When asked who his favourite filmmaker is, Antenna Documentary Festival programmer, Richard Welch mentions Steve James’ 1994 doco, Hoop Dreams. ‘His films tend to centre on such strong central characters telling their stories…’ he says. ‘And yet in the same breath, often these characters serve as metaphors, helping to emphasise wider issues about our society.’

Clarke reiterates the ability of documentary to reveal more than just its subject when talking about his latest project, a two-part series on Gough Whitlam. ‘I kind of see [Whitlam] as this songwriter, this ideas powerhouse, someone that came up with a great concept album… and the record company kind of came down on him,’ Clarke explains while laughing. ‘It’s a perfect fable for our contemporary political situation and it’s really fascination looking at Whitlam against the backdrop of what we’ve got today.’

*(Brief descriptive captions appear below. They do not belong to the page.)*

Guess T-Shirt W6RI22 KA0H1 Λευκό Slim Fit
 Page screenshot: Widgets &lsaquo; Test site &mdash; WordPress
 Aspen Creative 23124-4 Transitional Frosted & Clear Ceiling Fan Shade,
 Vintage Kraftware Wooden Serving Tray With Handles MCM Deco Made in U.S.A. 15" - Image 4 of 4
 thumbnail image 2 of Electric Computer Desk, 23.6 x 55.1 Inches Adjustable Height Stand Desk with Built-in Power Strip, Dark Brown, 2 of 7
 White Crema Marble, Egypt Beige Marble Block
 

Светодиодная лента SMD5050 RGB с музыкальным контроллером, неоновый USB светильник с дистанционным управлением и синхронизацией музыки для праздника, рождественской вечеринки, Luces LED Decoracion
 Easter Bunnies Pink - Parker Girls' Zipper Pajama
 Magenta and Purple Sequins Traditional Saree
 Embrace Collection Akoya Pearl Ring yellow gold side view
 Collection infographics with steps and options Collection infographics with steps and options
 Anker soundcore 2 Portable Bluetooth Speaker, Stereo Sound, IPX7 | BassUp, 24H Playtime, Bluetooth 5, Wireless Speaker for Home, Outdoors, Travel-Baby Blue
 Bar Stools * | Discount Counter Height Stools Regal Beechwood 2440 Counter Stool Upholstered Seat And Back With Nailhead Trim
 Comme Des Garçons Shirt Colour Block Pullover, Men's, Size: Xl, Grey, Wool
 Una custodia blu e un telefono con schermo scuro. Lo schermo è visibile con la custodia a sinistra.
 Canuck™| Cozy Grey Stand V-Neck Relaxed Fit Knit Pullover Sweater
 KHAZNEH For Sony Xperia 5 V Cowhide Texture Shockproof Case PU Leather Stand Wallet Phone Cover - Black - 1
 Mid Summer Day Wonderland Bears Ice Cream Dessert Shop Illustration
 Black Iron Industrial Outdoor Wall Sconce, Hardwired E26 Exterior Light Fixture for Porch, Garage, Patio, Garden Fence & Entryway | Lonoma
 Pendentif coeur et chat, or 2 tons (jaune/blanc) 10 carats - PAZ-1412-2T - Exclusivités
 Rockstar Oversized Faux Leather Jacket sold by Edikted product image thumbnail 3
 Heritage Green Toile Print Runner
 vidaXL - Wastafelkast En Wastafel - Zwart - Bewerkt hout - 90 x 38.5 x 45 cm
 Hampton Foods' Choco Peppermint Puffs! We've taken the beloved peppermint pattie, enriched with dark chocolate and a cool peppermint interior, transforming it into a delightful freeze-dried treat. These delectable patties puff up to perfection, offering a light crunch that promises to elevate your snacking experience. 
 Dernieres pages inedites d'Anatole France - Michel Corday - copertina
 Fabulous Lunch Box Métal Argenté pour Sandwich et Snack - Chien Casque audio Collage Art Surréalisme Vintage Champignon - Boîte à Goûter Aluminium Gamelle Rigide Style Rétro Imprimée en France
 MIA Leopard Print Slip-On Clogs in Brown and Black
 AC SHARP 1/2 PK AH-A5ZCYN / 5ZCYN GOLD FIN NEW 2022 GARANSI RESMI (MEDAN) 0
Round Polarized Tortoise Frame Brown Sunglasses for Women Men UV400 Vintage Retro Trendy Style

In this manner a documentary, purportedly historical in nature, intends to brighten our understanding of society through a creative exercise – the filmmaking process.

So is documentary art because the two share similar qualities of creativity, imagination, craft and illumination? Not necessarily. Invariably it comes down to the skill of the filmmaker, their intentions and if it’s even meant to be art. I can’t imagine that Morgan Spurlock thinks of himself as an artist, or that John Alvin only ever considered himself a maker of movie posters. Not every painting is a work of art, nor is every documentary, but there’s certainly enough masterpieces out there to forgive all the stick figures and Supersize Mes.

Five documentaries not to miss
The Fog of War by Errol Morris.
The Ambassador by Mads Brügger.
Life in Movement by Bryan Mason & Sophie Hyde.
Hail the New Puritan by Charles Atlas.
Paradise Lost by Joe Berlinger and Bruce Sinofsky.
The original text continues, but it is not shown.